Hi all, for those interested, there was a webinar organised by the Global Forum for Geography and Statistics on using Discrete Global Grid Systems:

Global Grids for Statistical Data

Recording (on YouTube)

  1. Kevin Sahr (Southern Oregon University) and Richard Barnes – “Getting Started with DGGRID: Everything you need to know to begin using hexagonal DGGS”

  2. Alexander Kmoch (University of Tartu) – “SAGEGRID - Spatial Analysis and Areal Statistics as a Service with Discrete Global Grid Systems”

2 Likes

Thank you for sharing @allixender! Looks like a great talk, added to my queue for later today.

Hi all, picking up the slack here a bit. We had a great discussion on the Pangeo Europe weekly coffee chat and discussed how to compare/integrate use cases of unstructured grids and DGGS grids, @annefou @tinaok . We would like to build/demonstrate a few simple and more complex workflows from some typical unstructured grids analysis steps trying to replicate those with DGGS and everything that we might stumble upon, e.g. regridding, summaries etc.

Please let’s collate some tangible examples here, which I could then try to build out on GitHub and Binder.

In addition, I would really appreciate some help from folks who have experience in building and distributing binary conda packages that require C/C++ compilation targets @benbovy @ocefpaf : I have a cmake C++ project DGGRID that requires GDAL installed as well. and creates a single executable binary. I have read lots of the conda packaging docs but I struggle. Who can help set-up a feedstock with me?

UPDATE1: I have made a reproducible docker build for DGGRID, with and without a Python base. The Python base is for subsequent testing with available open source DGGS such as H3, rHEALPix and the DGGRID Python wrapper dggrid4py.

Hi @allixender, I had a quick look at the DGGRID source. One issue is that at least three of its dependencies are vendored: proj4, clipper and shapelib. I’ll let @ocefpaf confirm, but I think this is not allowed (or at least not recommended) Guidelines — conda-forge 2022.12.06 documentation.

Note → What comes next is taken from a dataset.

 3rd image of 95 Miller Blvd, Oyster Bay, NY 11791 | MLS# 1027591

  • for proj4 it seems that only a small part of it has been copied and adapted, so maybe it is OK to use the vendored code (with the license file included)?
  • for clipper it’s probably OK too (see pyclipper-feedstock)
  • for shapelib there are already packages available on conda-forge, so I guess it should be enough to patch the CMakeLists.txt file (or even better submit it to DGGRID) in order to get the dependency externally.

For setting up the feedstock, you can have a look at this one: GitHub - conda-forge/richdem-feedstock: A conda-smithy repository for richdem., which also depends on GDAL. It is a little bit more complex than for DGGRID (you don’t need all the python-related dependencies) but the build.sh and bld.bat should look pretty similar.

1 Like

Thanks for the initiative @allixender! I would be very interested in a robust framework for comparing and benchmarking global grids of all sorts. First thing I would like to clarify is what you mean by ‘unstructured grid’ and generally which definition for ‘grid’ you propose to use.

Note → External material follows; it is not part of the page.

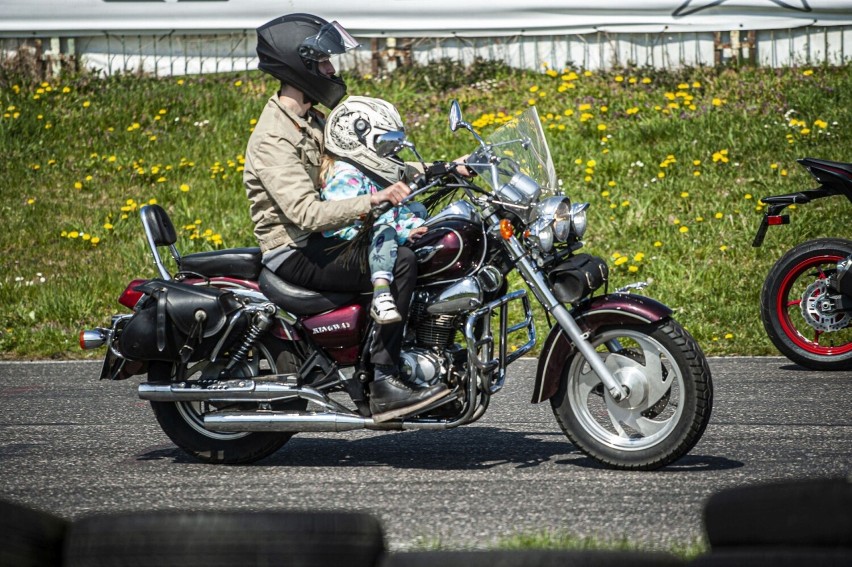 Otwarcie sezonu motocyklowego w Koszalinie. Parada i moc...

We were thinking of doing that a bit more systematically. Unstructured grids I’d refer here to the previously mentioned ones :slight_smile: We now just need a place to build this out, happy to do this in public. Even better if we can get funding.

Thanks a lot for the guidance. So I’ll try to get this working for DGGRID.

Do I need to have a special conda environment with the build tools, smithy etc?

How do I get this eventually into the conda-forge ecosystem? Is it similar to publishing to PyPI or are there other mechanisms.

All you need is forking GitHub - conda-forge/staged-recipes: A place to submit conda recipes before they become fully fledged conda-forge feedstocks and submit a PR with a new folder in the recipes directory with at least meta.yaml and build.sh (and bld.bat if you want Windows packages). Once all CI passes and the PR is merged, a new feedstock repository will be created automatically for you.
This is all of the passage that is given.